Mucho se habla de los amores que vuelan alto y caen precipitadamente al vacío que excavaron con manos temblorosas, pero entre esos escombros también existen otros amores. Amores que, por más que se cultiven con ternura y se rieguen con constancia, no logran germinar más allá de los límites de una amistad con sentimientos que no caben en una etiqueta y no sellan por su voluptuosidad.
Una amistad que duele por lo que no se atreve a ser, por lo que se insinúa en horas bajas. Ambos lo saben y ambos saben que lo saben. Ambos ruegan que el otro sea más valiente, sea más decisivo, más terco, sea más, pero como siempre, hay incertidumbre cargada de miedo a escribir un capítulo en su vida y no sea el último, no sea el favorito.
Para ahorrarnos noches de lamentos o el terror de que ese vínculo se quiebre en el intento, por fin decidimos un movimiento “sincero y maduro”: callar. Callamos. Nos tragamos el metal que crispa la garganta y le sonreímos al otro. Lo mantenemos cerca, lo atesoramos con una devoción casi religiosa, tarareando el sonido de su voz, el cálido aliento de su habla y su contacto, distante, prudente, casto, roza el borde de nuestra piel encendida.

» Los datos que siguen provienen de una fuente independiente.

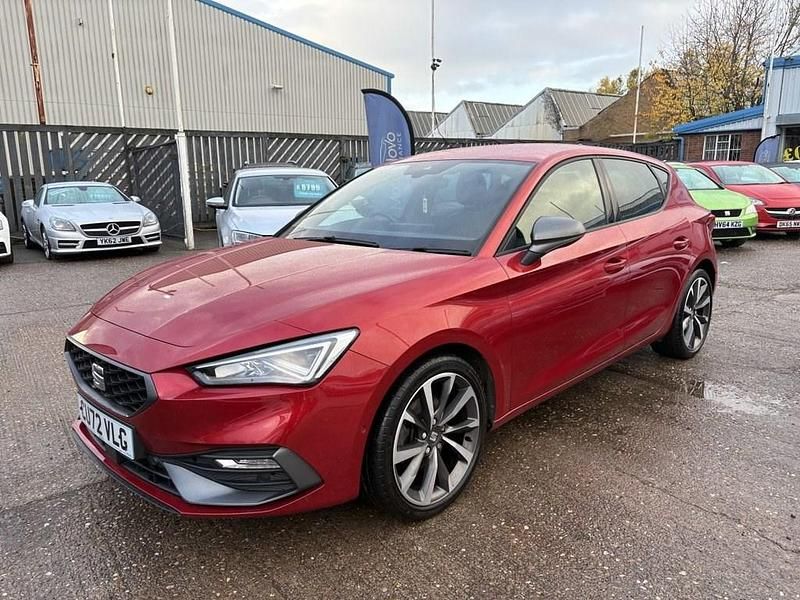 Used Seat Leon FR Sport 150 HP (110 kW) 2022 Red Hatchback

Y uno se obliga a idealizar el privilegio de ser “ese hombro”, mientras lo repudia en secreto con silenciosa amargura. Cuando llega el momento y te habla de cierta persona, de ese “alguien especial”, sientes tu boca cocerse en ácido. Tu estómago se convierte en un campo de batalla donde las palabras se rebelan y te desgarran por querer salir. “Soy yo. Veme. Aquí estoy. Aquí, esperándote.”
Pero no lo dices, usual. El silencio, que antes era escudo, se convierte en jaula. Y tú, que tanto amas, te abstienes a ser ave en su playa, aunque el mar jamás te bañará, conformándote con dejar huellas en la arena. Sabiendo que en cualquier momento una ola las borrará.